Implement retry logic in the application. Application retries can help mitigate read restart errors. Moreover, a statement or a transaction may fail in other ways such as transaction conflicts or infrastructure failures. Therefore, a retry mechanism is strongly recommended for a cloud-native, distributed database such as YugabyteDB.

While implementing application retries is the best long-term approach, there are a few short-term solutions you can use in the interim.
Use SERIALIZABLE READ ONLY DEFERRABLE mode when running background reads. Read restart errors usually occur when the query is a SELECT statement with a large output footprint and there are concurrent writes that satisfy the SELECT statement.

Using DEFERRABLE will avoid a read restart error altogether. However, the tradeoff is that the statement waits out the maximum permissible clock skew before reading the data (which is max_clock_skew_usec that has a default of 500ms). This is not an issue for large SELECT statements running in the background because latency is not a priority.

Examples:

Set transaction properties at the session level.
```
SET SESSION CHARACTERISTICS AS TRANSACTION ISOLATION LEVEL SERIALIZABLE READ ONLY DEFERRABLE;
SELECT * FROM large_table;
```
Enclose the offending query within a transaction block.
```
BEGIN TRANSACTION ISOLATION LEVEL SERIALIZABLE READ ONLY DEFERRABLE;
SELECT * FROM large_table;
COMMIT;
```
Using read only, deferrable transactions is not always feasible, either because the query is not read only, or the query is part of a read-write transaction, or because an additional 500ms of latency is not acceptable. In these cases, try increasing the value of ysql_output_buffer_size.

This will enable YugabyteDB to retry the query internally on behalf of the user. As long as the output of a statement hasn't crossed ysql_output_buffer_size to result in flushing partial data to the external client, the YSQL query layer retries read restart errors for all statements in a Read Committed transaction block, for the first statement in a Repeatable Read transaction block, and for any standalone statement outside a transaction block. As a tradeoff, increasing the buffer size also increases the memory consumed by the YSQL backend processes, resulting in a higher risk of out-of-memory errors.

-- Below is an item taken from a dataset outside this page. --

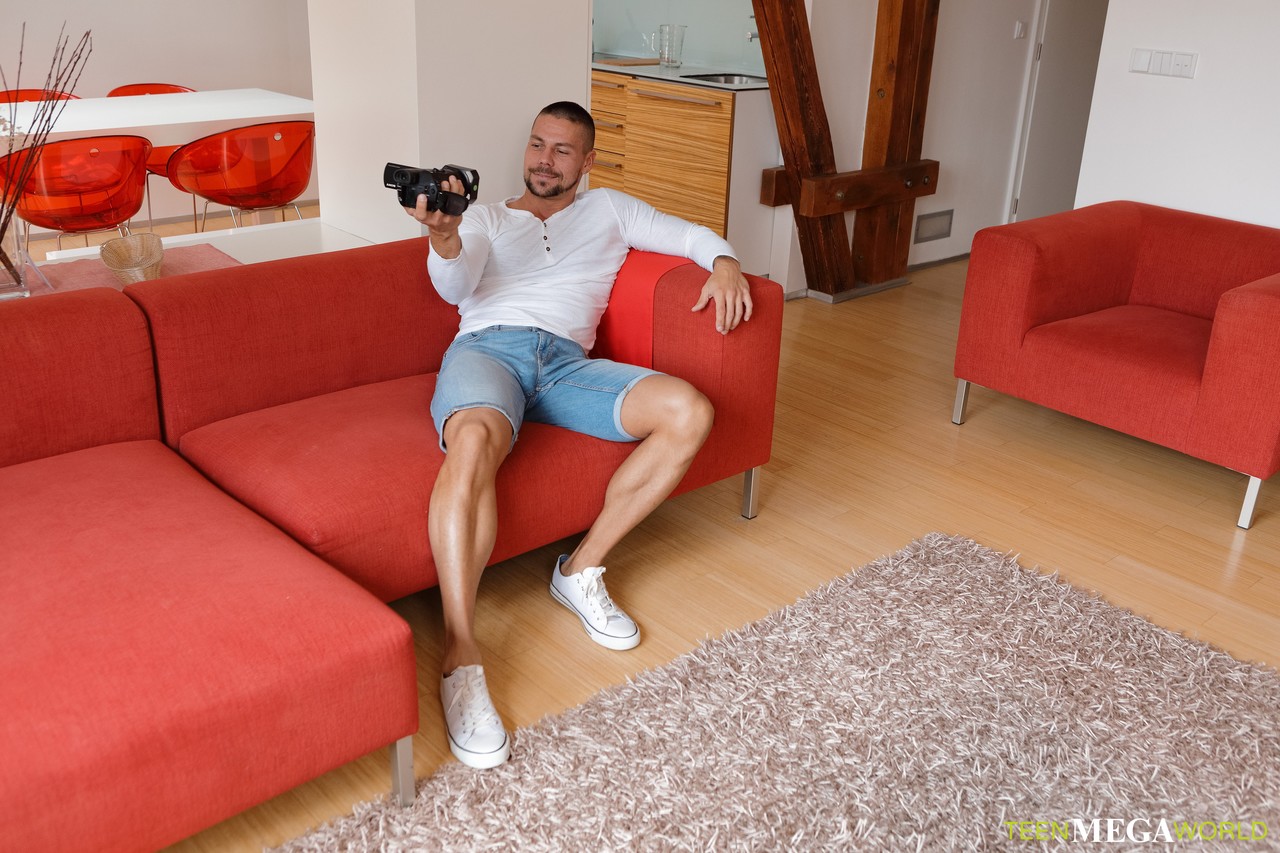 チェコのティーン Tiny Tina 継父とのソファーでハードコアセックス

Be aware that increasing ysql_output_buffer_size is not a silver bullet. For example, the COPY command can still raise a read restart error even though the command has a one line output. Increasing ysql_output_buffer_size is not useful in this scenario. The application must retry the COPY command instead. Another example is DMLs such as INSERT/UPDATE/DELETE. These do not have enough output to overflow the buffer size. However, when these statements are executed in the middle of a REPEATABLE READ transaction (e.g. BEGIN ISOLATION LEVEL REPEATABLE READ; ... INSERT ... COMMIT;), a read restart error cannot be retried internally by YugabyteDB. The onus is on the application to ROLLBACK and retry the transaction.
In rare scenarios where neither latency nor memory can be compromised, but read-after-commit-visibility guarantee is not a necessity, set yb_read_after_commit_visibility to relaxed. This option only affects pure reads.
```
SET yb_read_after_commit_visibility TO relaxed;
SELECT * FROM large_table;
```
Please exercise caution when using this option.